# Exercise goal
Given the material below, return only the lines starting at the line with "Parasol déporté -300" and ending at the line with "Personalized Oktoberfest 16", exactly as they appear.

# Records shown
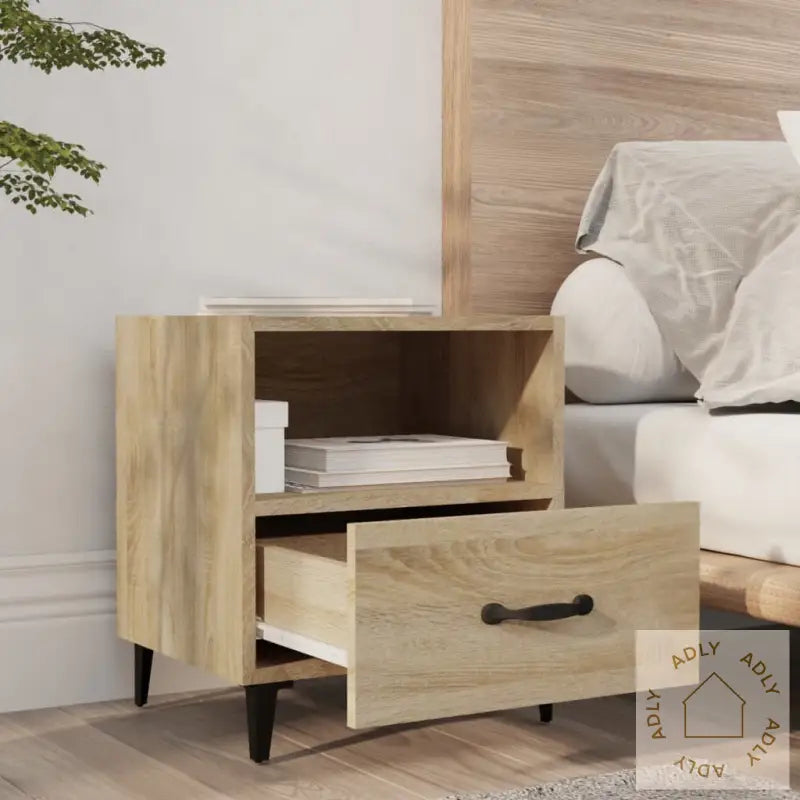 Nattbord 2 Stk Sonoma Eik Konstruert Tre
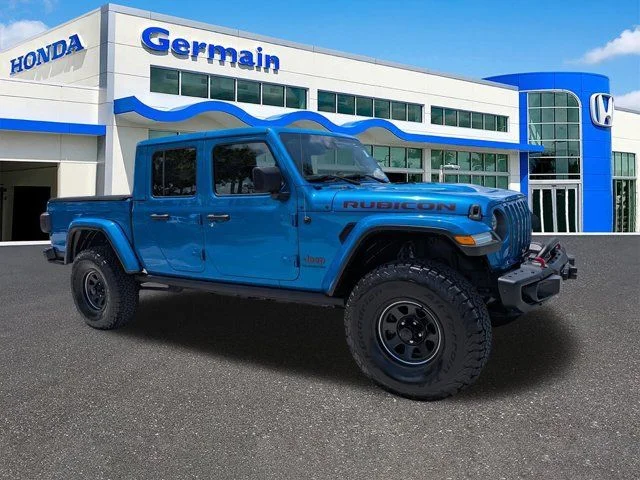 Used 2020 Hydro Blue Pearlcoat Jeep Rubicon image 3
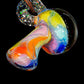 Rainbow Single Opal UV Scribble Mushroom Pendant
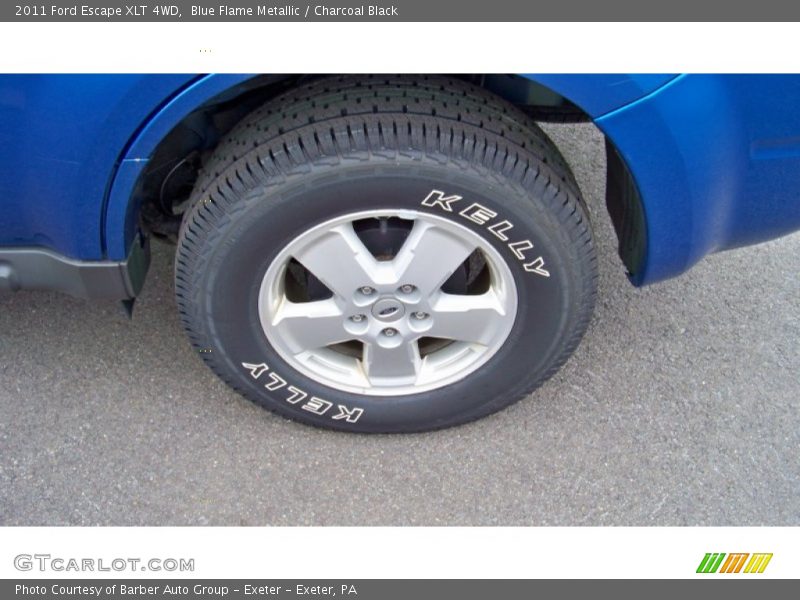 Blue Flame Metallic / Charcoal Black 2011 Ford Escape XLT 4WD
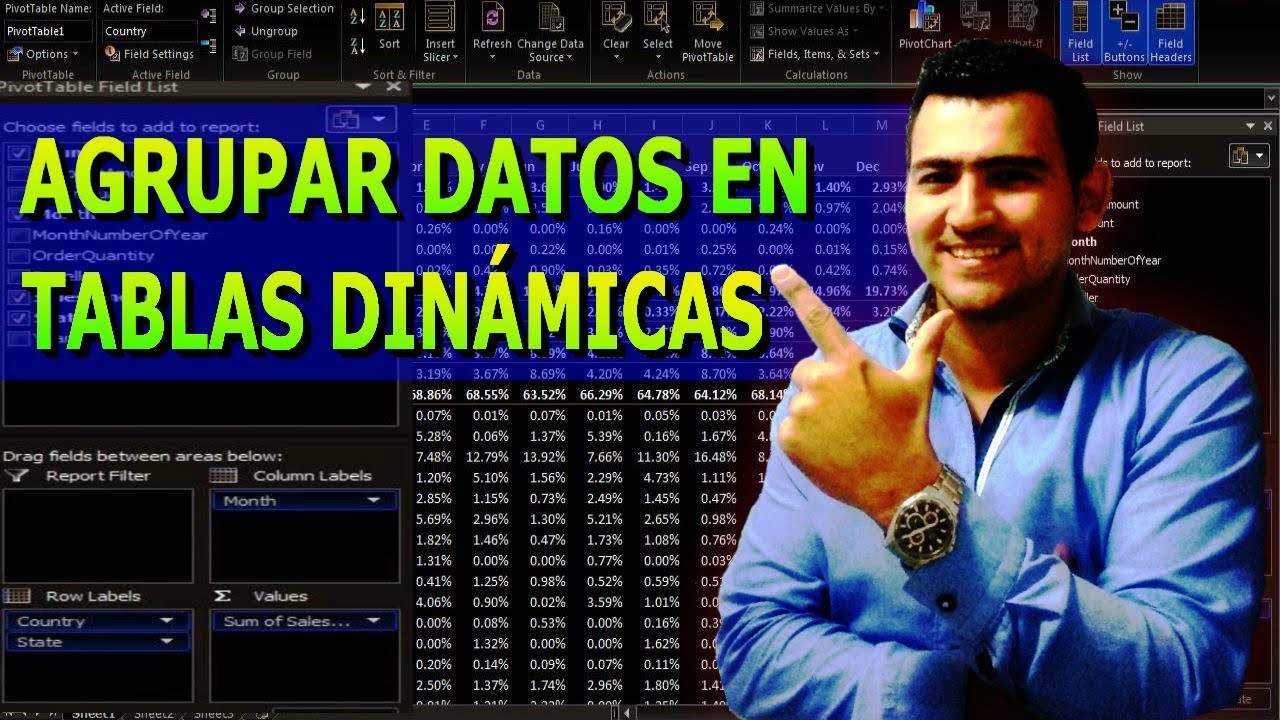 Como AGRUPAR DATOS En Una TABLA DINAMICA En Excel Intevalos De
...
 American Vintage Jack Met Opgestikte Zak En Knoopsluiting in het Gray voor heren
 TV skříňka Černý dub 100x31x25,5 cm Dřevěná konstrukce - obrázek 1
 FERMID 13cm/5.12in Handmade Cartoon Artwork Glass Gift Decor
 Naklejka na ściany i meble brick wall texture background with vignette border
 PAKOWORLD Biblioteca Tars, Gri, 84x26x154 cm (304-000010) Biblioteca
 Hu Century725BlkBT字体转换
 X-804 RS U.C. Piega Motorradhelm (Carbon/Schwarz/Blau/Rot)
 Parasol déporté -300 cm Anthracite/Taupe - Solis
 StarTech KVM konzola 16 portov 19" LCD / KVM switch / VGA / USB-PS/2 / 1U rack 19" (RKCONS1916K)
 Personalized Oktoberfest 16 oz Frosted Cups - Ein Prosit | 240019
---
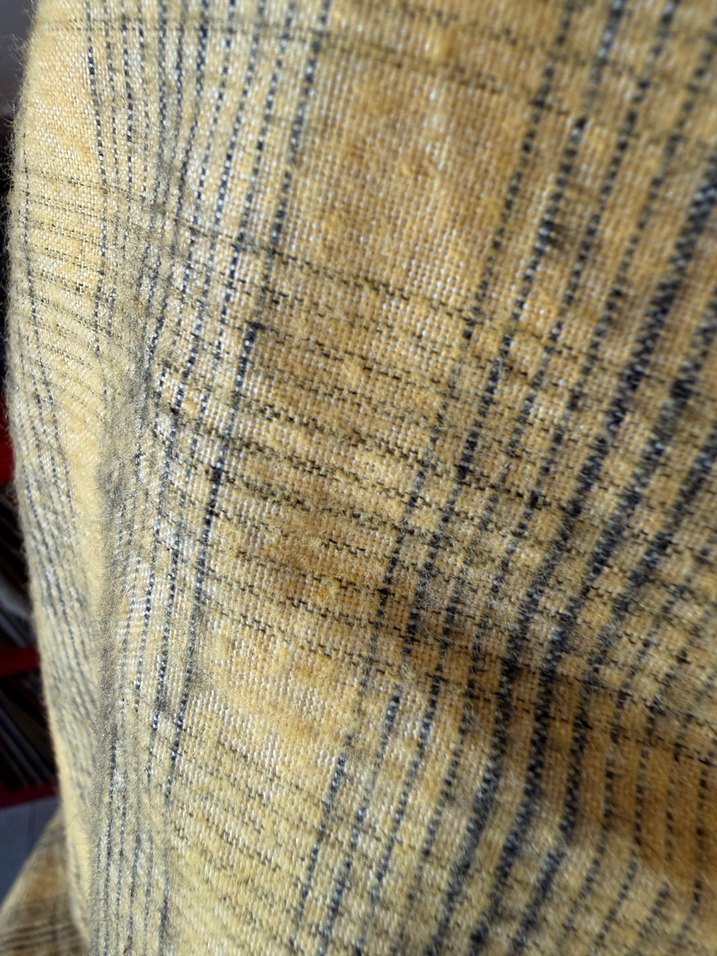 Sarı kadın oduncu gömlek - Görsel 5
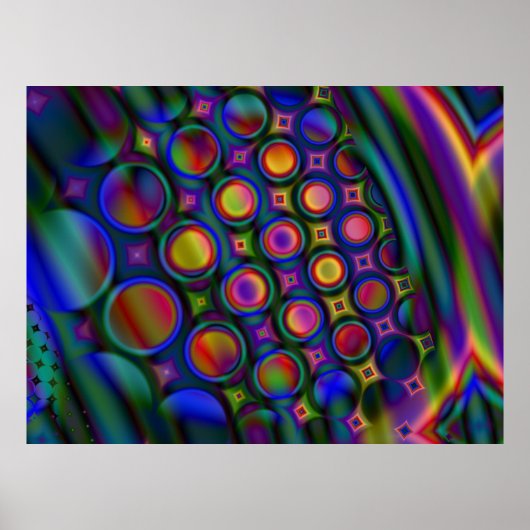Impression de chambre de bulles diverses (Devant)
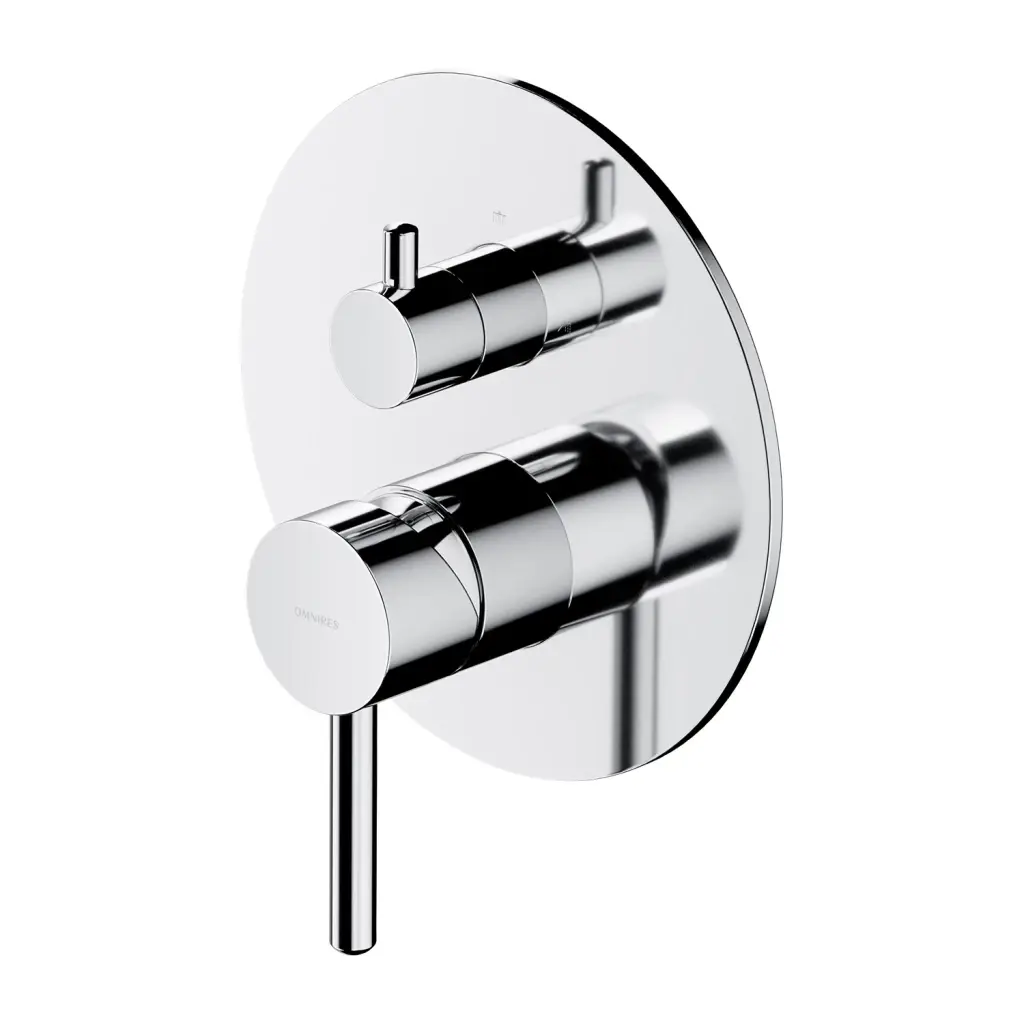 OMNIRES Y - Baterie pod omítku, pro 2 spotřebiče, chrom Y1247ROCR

# Output for this task
 Parasol déporté -300 cm Anthracite/Taupe - Solis
 StarTech KVM konzola 16 portov 19" LCD / KVM switch / VGA / USB-PS/2 / 1U rack 19" (RKCONS1916K)
 Personalized Oktoberfest 16 oz Frosted Cups - Ein Prosit | 240019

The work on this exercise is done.